Are there any quadratic/cubic etc polynomials with integer coefficients that contain an arithmetic progression of four or more?

Question

It is known that there are no four square numbers in arithmetic progression. The same goes for cube numbers, powers of four, etc. Does it follow then that there is no quadratic polynomial with integer coefficients that contain an arithmetic progression of four (or more)? Same question for cubic polynomials etc...

Answer 1

For quadratic polynomials

$\{P(x)=ax^2+bx+c:a,b,c,x\in\mathbb{Z}\}$

there are none with four values in arithmetic progression.

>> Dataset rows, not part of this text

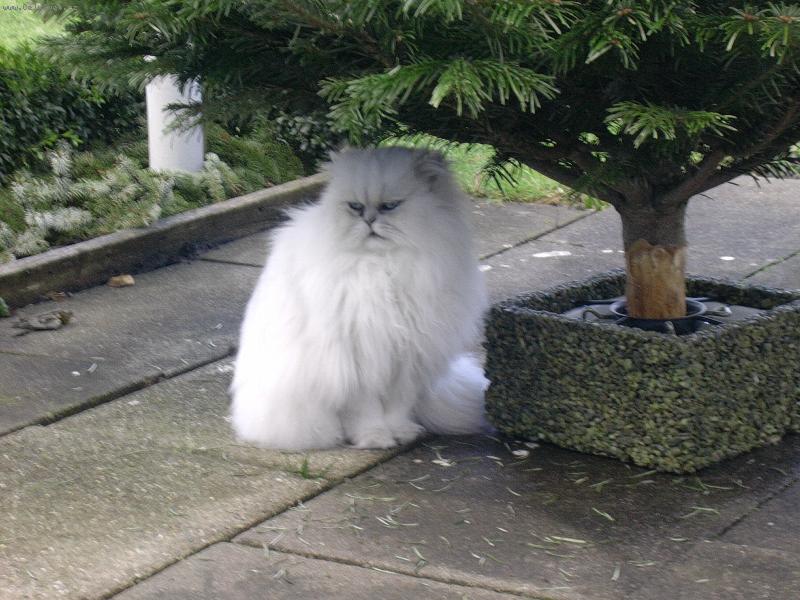 Foto: Evelyna-Evelynka přemýšlí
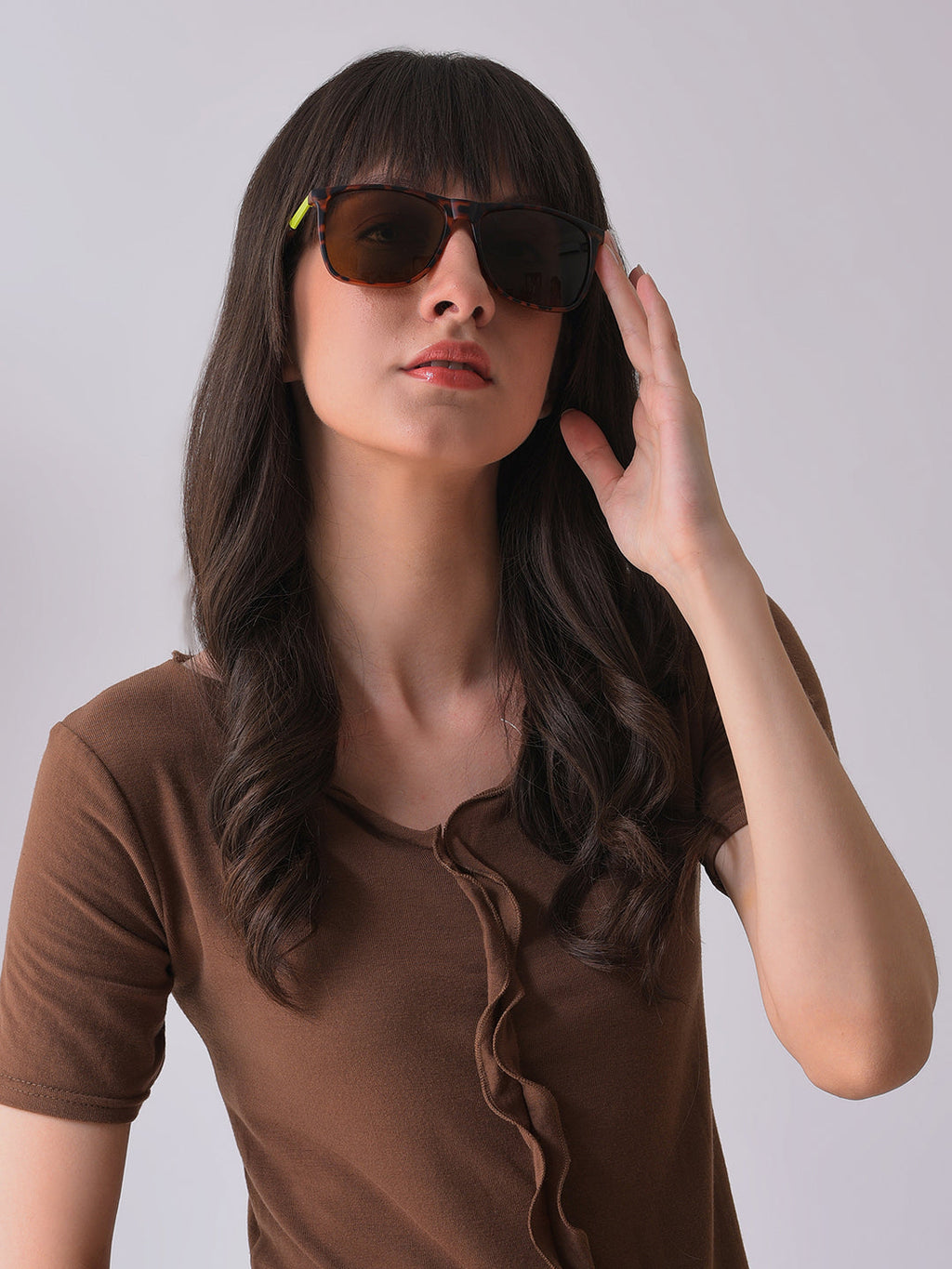 Brown Lens Brown Wayfarer Sunglasses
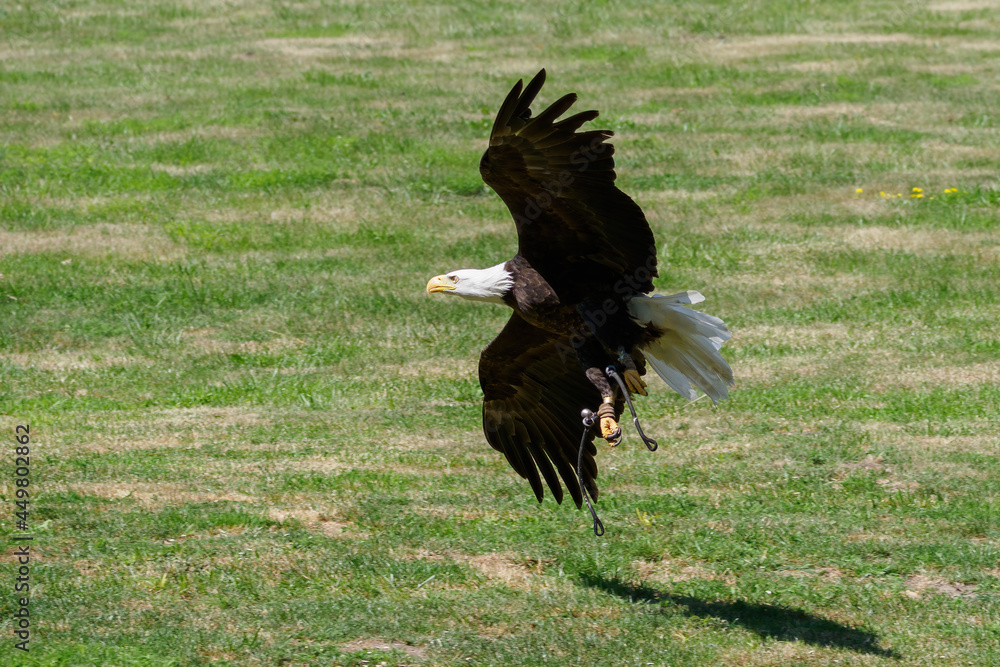 A bald eagle flying low over the lawn. A bald eagle flying low over the lawn.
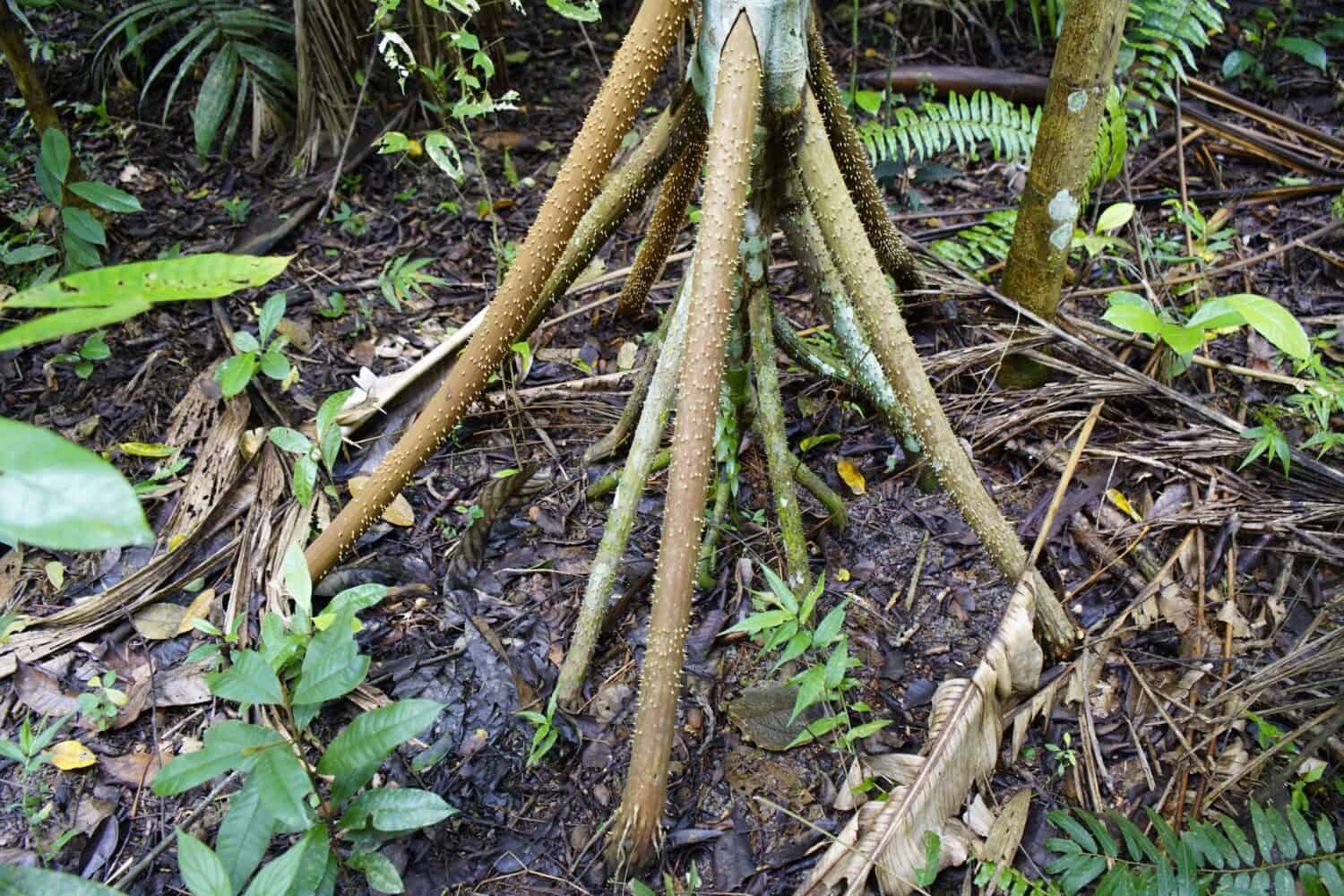 Socratea exorrhiza, la palma che cammina o cashapona, è una palma originaria delle foreste pluviali dell'America centrale e meridionale tropicale.  Famiglia delle Arecaceae.  Foresta amazzonica, Brasile.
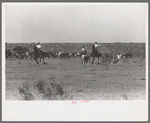 Cutting out calves for branding from the herd. Cattle ranch near Spur, Texas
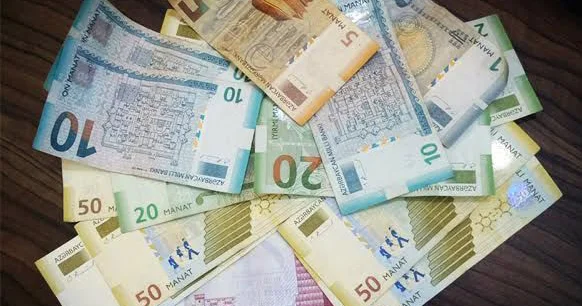 Manatın ritmi pozulur: Onun dövriyyəsi niyə yavaşlayır?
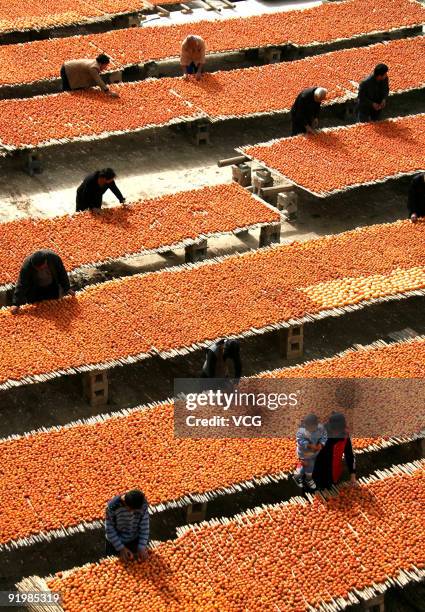People air-cure the persimmons on October 18, 2009 in Wanrong county of Shanxi Provience, China. The oriental persimmon is native to China, where it...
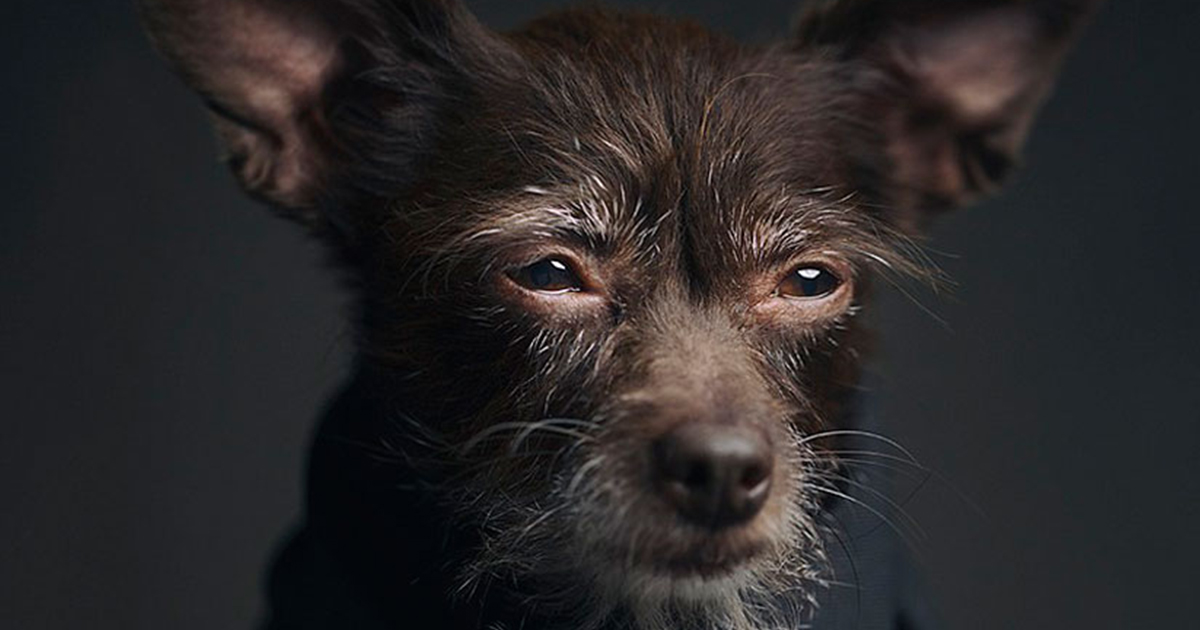 Fotógrafo capta expressões de animais que revelam emoções humanas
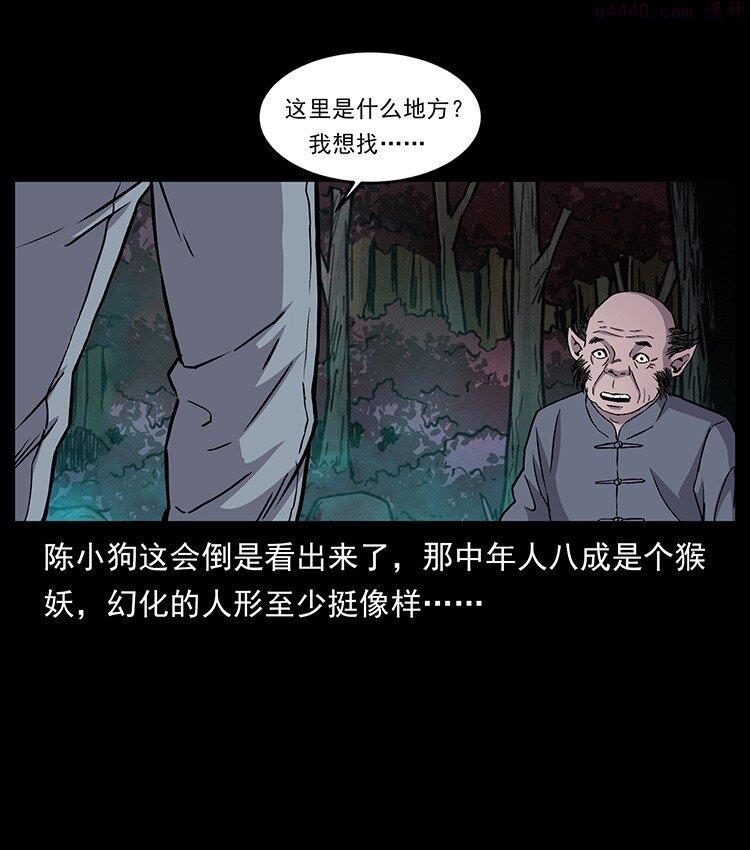 幽冥诡匠陈小狗漫画全集免费观看漫画,490 黑暗森林36图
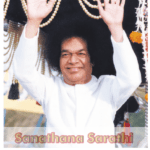 Sanathana Sarathi in Italiano – Novembre 2025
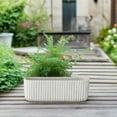 thumbnail image 6 of Lucia Cement Rectangular Pot, 6 of 9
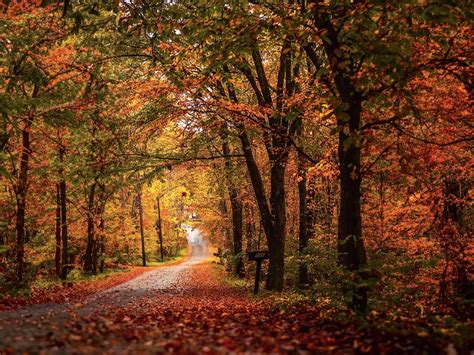 climate change: ‘Trees evolved over time to survive climate change ...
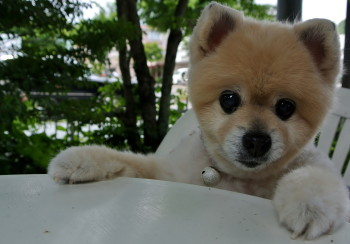 20120703momo1.JPG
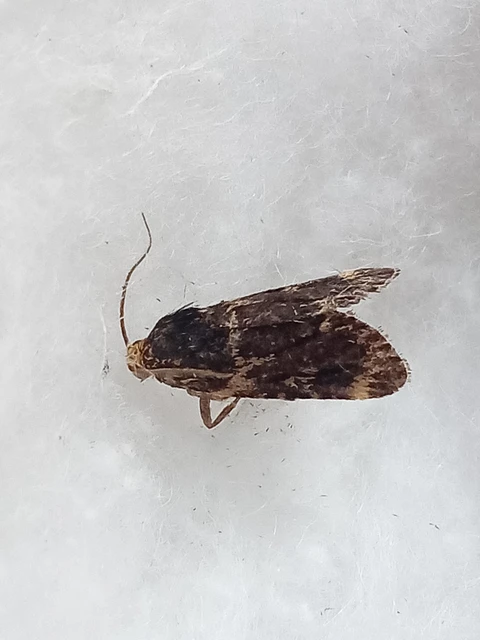 Aglossa signicostalis - hangyailonca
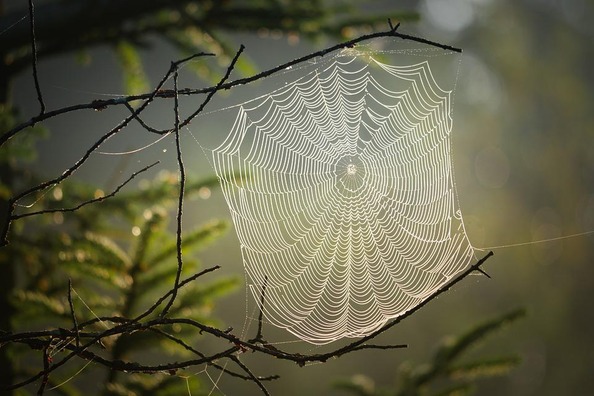 cobweb-4439844_960_720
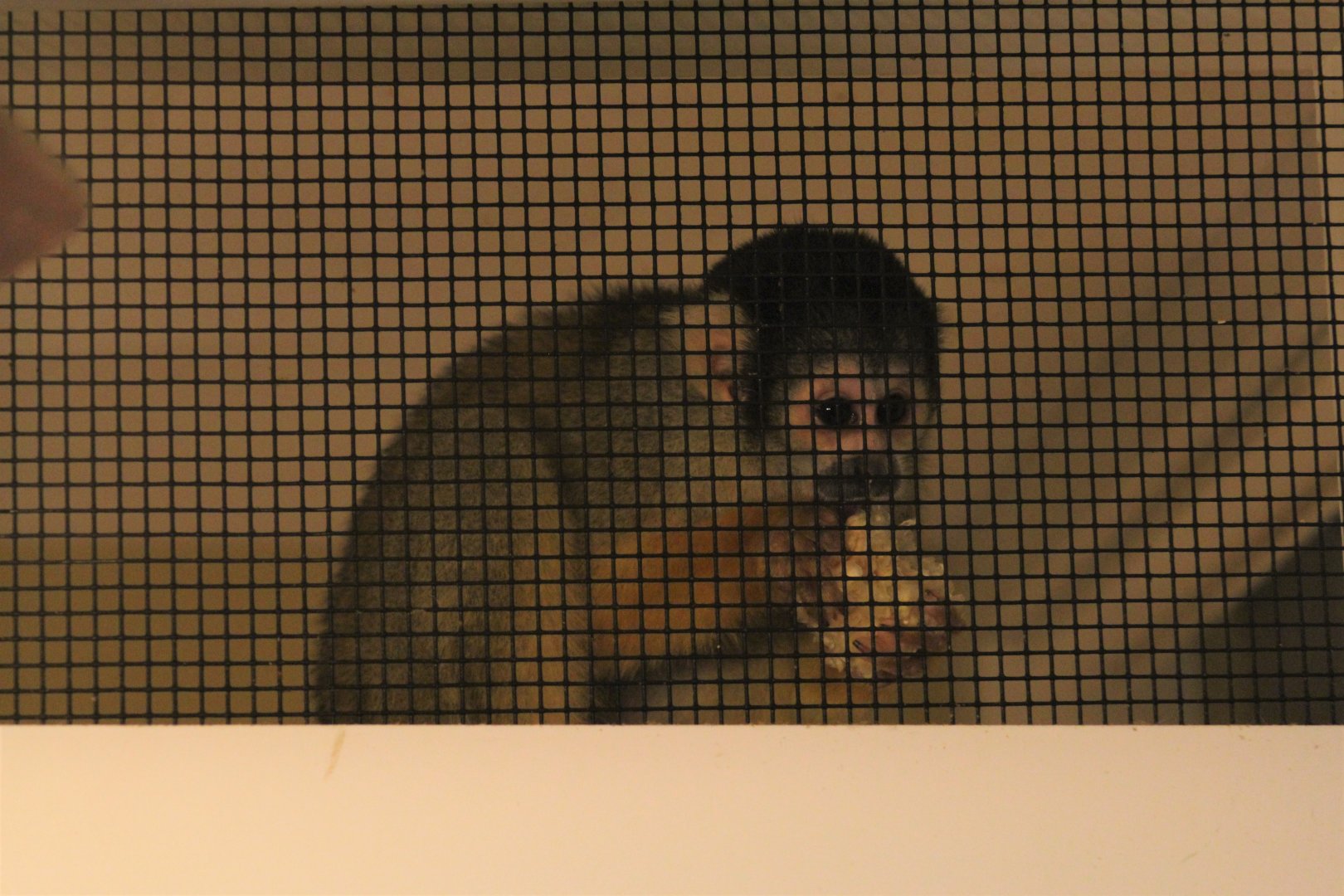 Peruvian Squirrel Monkey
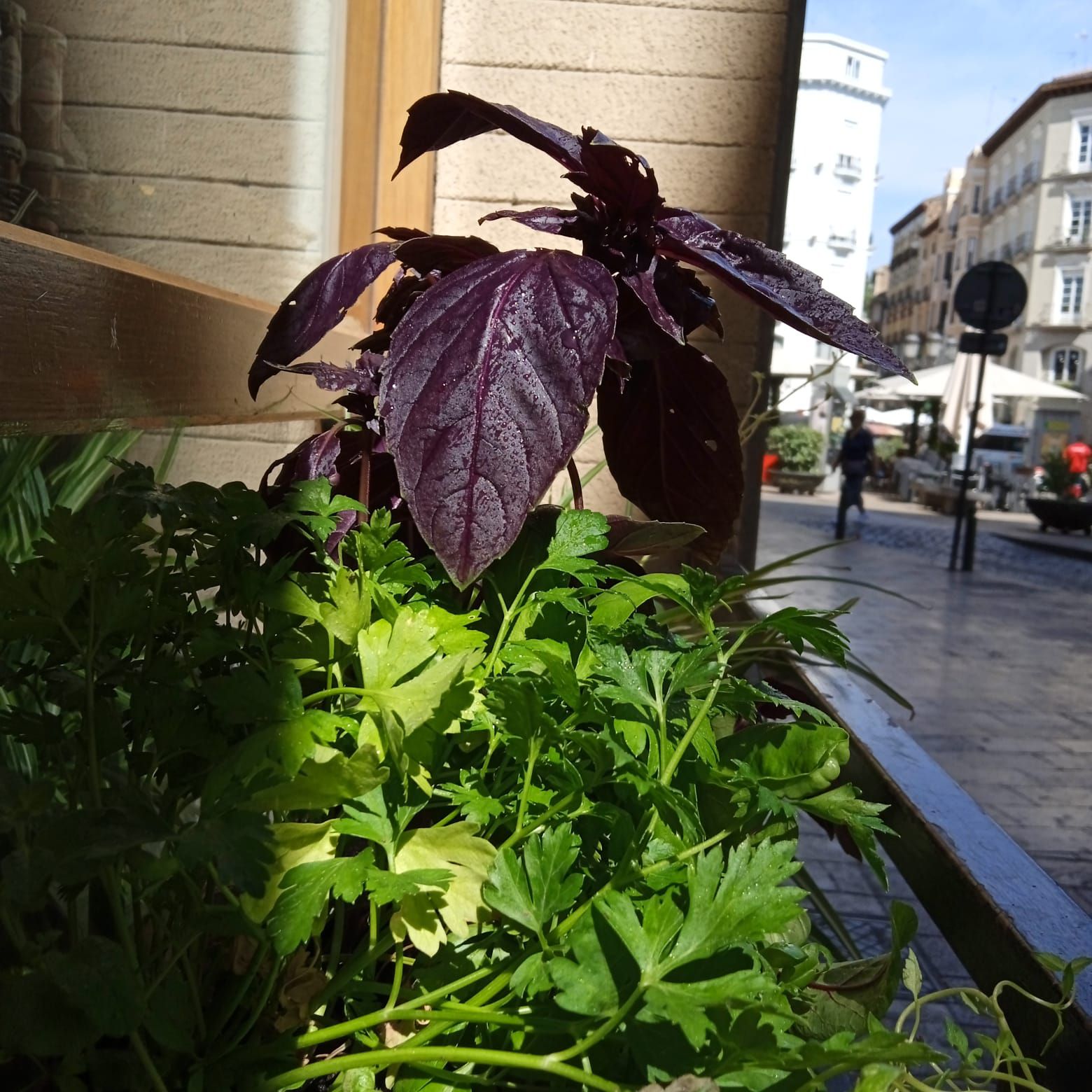 Plantas aromáticas en macetas biodegradables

For if there were, we would also have

$4aP+(b^2-4ac)=4a^2x^2+4abx+b^2=(2ax+b)^2$

with four values in arithmetic progression, and four integer squares in arithmetic progression do not exist.

With cubic polynomials a set of four values in arithmetic progression is trivial because we can specify four function values independently, as for instance:

$P(0)=0,P(1)=9,P(2)=6,P(3)=3\implies P(x)=2x^3-12x^2+19x$

in which $P(4)=12$ and thus this cubic polynomial gives five values in arithmetic progression!

Answer 2

For fourth power polynomials this is quite possible: in fact for any four integers in arithmetic progression there exists a fourth power polynomial $f(x)$ such that, when $x$ takes the value of any of those integers, $f(x)=x$.

If $p,q,r,s$ are integers in arithmetic progression, we simply put:

$$f(x)=(x-p)(x-q)(x-r)(x-s)+x$$

Similarly for $n$th power polynomials and $n$ integers in arithmetic progression.